膵がんステージⅣaの治療法、放射線治療やペプチドワクチン免疫療法

公開日: : 最終更新日:2014/02/02 がん電話相談から 過去ログデータ

がん電話相談から、膵がんステージⅣaの治療法について。

質問

73歳の母は1ヶ月前、胃の不調を訴え、検査を受けた結果、膵がんステージⅣaと診断されました。
主治医から「血管に浸潤していて手術はできません」といわれました。
TS-1治療が始まりましたが、放射線治療など他に治療法はないでしょうか?

回答

手術ができない進行膵がんは、日本の規約でステージⅣになります。
ステージⅣbは肝臓などに遠隔転移がある病期です。
ステージⅣbは転移はないものの、がんが重要な血管に浸潤しているため、完全切除が不可能と考えられる病期です。

ステージⅣaは局所に限局していると考えられるため、本来なら放射線の治療効果が期待されるところです。
しかし、残念ながら膵がんの放射線感受性は高くありません。
また、術前に遠隔転移がなくても開腹すると微小転移が見つかるということがあります。
このように、ステージⅣaと診断しても本当は潜在的転移のあるステージⅣbというのことが少なからずあり、このような全身病の方に対し、局所治療である放射線療法は十分な効果が上がりません。

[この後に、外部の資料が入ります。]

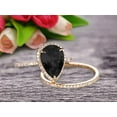 thumbnail image 2 of Bridal Ring Pear Shape 2.25 Carat Black Diamond Moissanite Wedding Ring Set Engagement Ring 10k Yellow Gold Claw Prong Halo Matching Band Vintage looking, 2 of 3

TS-1などの有効な抗がん剤が登場して以降、放射線療法は抗がん剤との併用で試験的に行われることがあります。

質問

ペプチドワクチン免疫療法について知りたいのですが。

回答

がん細胞の表面には正常細胞にはないたんぱく質の断片(ペプチド)が、免疫現象を起こさせる抗原として存在しています。
がんペプチドを皮下注射すると、近くの樹状細胞がそのペプチドを食べて、免疫担当のリンパ球に「これががん細胞の目印だ」と教えます。

リンパ球は次々と活性化し、標的となるがん細胞を見つけていっせいに攻撃します。
膵がんに有効なワクチンはいまだ研究段階で、実用化にはまだ時間がかかると見られています。